**MATERIAL FOR THIS TASK**:

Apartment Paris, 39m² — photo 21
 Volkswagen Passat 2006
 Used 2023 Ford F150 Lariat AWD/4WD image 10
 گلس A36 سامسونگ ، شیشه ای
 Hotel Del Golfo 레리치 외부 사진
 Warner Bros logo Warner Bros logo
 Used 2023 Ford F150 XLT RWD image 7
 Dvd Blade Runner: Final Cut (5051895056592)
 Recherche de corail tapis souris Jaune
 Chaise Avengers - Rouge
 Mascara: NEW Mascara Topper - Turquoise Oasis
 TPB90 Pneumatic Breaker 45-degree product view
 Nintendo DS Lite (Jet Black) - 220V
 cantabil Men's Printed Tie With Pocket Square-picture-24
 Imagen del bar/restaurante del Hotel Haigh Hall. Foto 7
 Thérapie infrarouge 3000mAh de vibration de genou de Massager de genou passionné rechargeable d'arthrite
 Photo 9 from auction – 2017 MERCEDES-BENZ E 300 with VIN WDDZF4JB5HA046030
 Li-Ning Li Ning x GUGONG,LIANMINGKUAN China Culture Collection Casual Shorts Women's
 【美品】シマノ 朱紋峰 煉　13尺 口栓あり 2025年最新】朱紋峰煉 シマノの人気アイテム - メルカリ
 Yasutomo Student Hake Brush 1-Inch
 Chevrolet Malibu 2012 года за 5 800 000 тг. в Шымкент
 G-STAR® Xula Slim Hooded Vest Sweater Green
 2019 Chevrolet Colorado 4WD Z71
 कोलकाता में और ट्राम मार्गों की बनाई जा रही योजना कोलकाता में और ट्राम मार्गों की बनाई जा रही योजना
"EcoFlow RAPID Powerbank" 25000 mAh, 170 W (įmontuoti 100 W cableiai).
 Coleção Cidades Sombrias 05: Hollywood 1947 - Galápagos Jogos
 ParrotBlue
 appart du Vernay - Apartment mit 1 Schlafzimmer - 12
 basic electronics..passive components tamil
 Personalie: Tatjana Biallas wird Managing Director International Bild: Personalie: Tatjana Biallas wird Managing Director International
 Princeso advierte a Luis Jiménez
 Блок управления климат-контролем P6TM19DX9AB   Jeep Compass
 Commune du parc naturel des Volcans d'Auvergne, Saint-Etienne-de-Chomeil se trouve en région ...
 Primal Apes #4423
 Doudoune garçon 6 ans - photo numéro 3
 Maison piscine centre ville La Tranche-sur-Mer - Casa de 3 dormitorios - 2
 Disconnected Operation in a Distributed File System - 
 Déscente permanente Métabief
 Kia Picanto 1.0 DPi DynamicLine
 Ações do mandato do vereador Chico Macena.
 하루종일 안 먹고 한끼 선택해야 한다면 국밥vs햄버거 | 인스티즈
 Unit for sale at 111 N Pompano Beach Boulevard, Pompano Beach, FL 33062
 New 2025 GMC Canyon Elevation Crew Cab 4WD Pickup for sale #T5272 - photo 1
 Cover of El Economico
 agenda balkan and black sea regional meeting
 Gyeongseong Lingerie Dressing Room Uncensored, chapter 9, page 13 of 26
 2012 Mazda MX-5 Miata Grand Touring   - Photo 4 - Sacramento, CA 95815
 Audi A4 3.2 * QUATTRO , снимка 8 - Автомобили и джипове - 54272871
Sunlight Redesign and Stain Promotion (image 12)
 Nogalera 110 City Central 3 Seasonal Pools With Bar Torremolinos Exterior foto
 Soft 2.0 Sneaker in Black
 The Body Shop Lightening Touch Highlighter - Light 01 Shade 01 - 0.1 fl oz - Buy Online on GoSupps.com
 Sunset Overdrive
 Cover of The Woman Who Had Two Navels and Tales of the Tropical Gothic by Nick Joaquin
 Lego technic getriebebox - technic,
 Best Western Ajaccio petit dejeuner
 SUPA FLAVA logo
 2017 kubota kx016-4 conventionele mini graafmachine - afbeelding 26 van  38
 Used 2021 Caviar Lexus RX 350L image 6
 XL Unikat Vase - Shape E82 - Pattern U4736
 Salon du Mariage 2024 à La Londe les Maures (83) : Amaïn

**WHAT YOU NEED TO DO**: Repeat the data precisely, reproducing every entry.

**TASK OUTPUT**:
Apartment Paris, 39m² — photo 21
 Volkswagen Passat 2006
 Used 2023 Ford F150 Lariat AWD/4WD image 10
 گلس A36 سامسونگ ، شیشه ای
 Hotel Del Golfo 레리치 외부 사진
 Warner Bros logo Warner Bros logo
 Used 2023 Ford F150 XLT RWD image 7
 Dvd Blade Runner: Final Cut (5051895056592)
 Recherche de corail tapis souris Jaune
 Chaise Avengers - Rouge
 Mascara: NEW Mascara Topper - Turquoise Oasis
 TPB90 Pneumatic Breaker 45-degree product view
 Nintendo DS Lite (Jet Black) - 220V
 cantabil Men's Printed Tie With Pocket Square-picture-24
 Imagen del bar/restaurante del Hotel Haigh Hall. Foto 7
 Thérapie infrarouge 3000mAh de vibration de genou de Massager de genou passionné rechargeable d'arthrite
 Photo 9 from auction – 2017 MERCEDES-BENZ E 300 with VIN WDDZF4JB5HA046030
 Li-Ning Li Ning x GUGONG,LIANMINGKUAN China Culture Collection Casual Shorts Women's
 【美品】シマノ 朱紋峰 煉　13尺 口栓あり 2025年最新】朱紋峰煉 シマノの人気アイテム - メルカリ
 Yasutomo Student Hake Brush 1-Inch
 Chevrolet Malibu 2012 года за 5 800 000 тг. в Шымкент
 G-STAR® Xula Slim Hooded Vest Sweater Green
 2019 Chevrolet Colorado 4WD Z71
 कोलकाता में और ट्राम मार्गों की बनाई जा रही योजना कोलकाता में और ट्राम मार्गों की बनाई जा रही योजना
"EcoFlow RAPID Powerbank" 25000 mAh, 170 W (įmontuoti 100 W cableiai).
 Coleção Cidades Sombrias 05: Hollywood 1947 - Galápagos Jogos
 ParrotBlue
 appart du Vernay - Apartment mit 1 Schlafzimmer - 12
 basic electronics..passive components tamil
 Personalie: Tatjana Biallas wird Managing Director International Bild: Personalie: Tatjana Biallas wird Managing Director International
 Princeso advierte a Luis Jiménez
 Блок управления климат-контролем P6TM19DX9AB   Jeep Compass
 Commune du parc naturel des Volcans d'Auvergne, Saint-Etienne-de-Chomeil se trouve en région ...
 Primal Apes #4423
 Doudoune garçon 6 ans - photo numéro 3
 Maison piscine centre ville La Tranche-sur-Mer - Casa de 3 dormitorios - 2
 Disconnected Operation in a Distributed File System - 
 Déscente permanente Métabief
 Kia Picanto 1.0 DPi DynamicLine
 Ações do mandato do vereador Chico Macena.
 하루종일 안 먹고 한끼 선택해야 한다면 국밥vs햄버거 | 인스티즈
 Unit for sale at 111 N Pompano Beach Boulevard, Pompano Beach, FL 33062
 New 2025 GMC Canyon Elevation Crew Cab 4WD Pickup for sale #T5272 - photo 1
 Cover of El Economico
 agenda balkan and black sea regional meeting
 Gyeongseong Lingerie Dressing Room Uncensored, chapter 9, page 13 of 26
 2012 Mazda MX-5 Miata Grand Touring   - Photo 4 - Sacramento, CA 95815
 Audi A4 3.2 * QUATTRO , снимка 8 - Автомобили и джипове - 54272871
Sunlight Redesign and Stain Promotion (image 12)
 Nogalera 110 City Central 3 Seasonal Pools With Bar Torremolinos Exterior foto
 Soft 2.0 Sneaker in Black
 The Body Shop Lightening Touch Highlighter - Light 01 Shade 01 - 0.1 fl oz - Buy Online on GoSupps.com
 Sunset Overdrive
 Cover of The Woman Who Had Two Navels and Tales of the Tropical Gothic by Nick Joaquin
 Lego technic getriebebox - technic,
 Best Western Ajaccio petit dejeuner
 SUPA FLAVA logo
 2017 kubota kx016-4 conventionele mini graafmachine - afbeelding 26 van  38
 Used 2021 Caviar Lexus RX 350L image 6
 XL Unikat Vase - Shape E82 - Pattern U4736
 Salon du Mariage 2024 à La Londe les Maures (83) : Amaïn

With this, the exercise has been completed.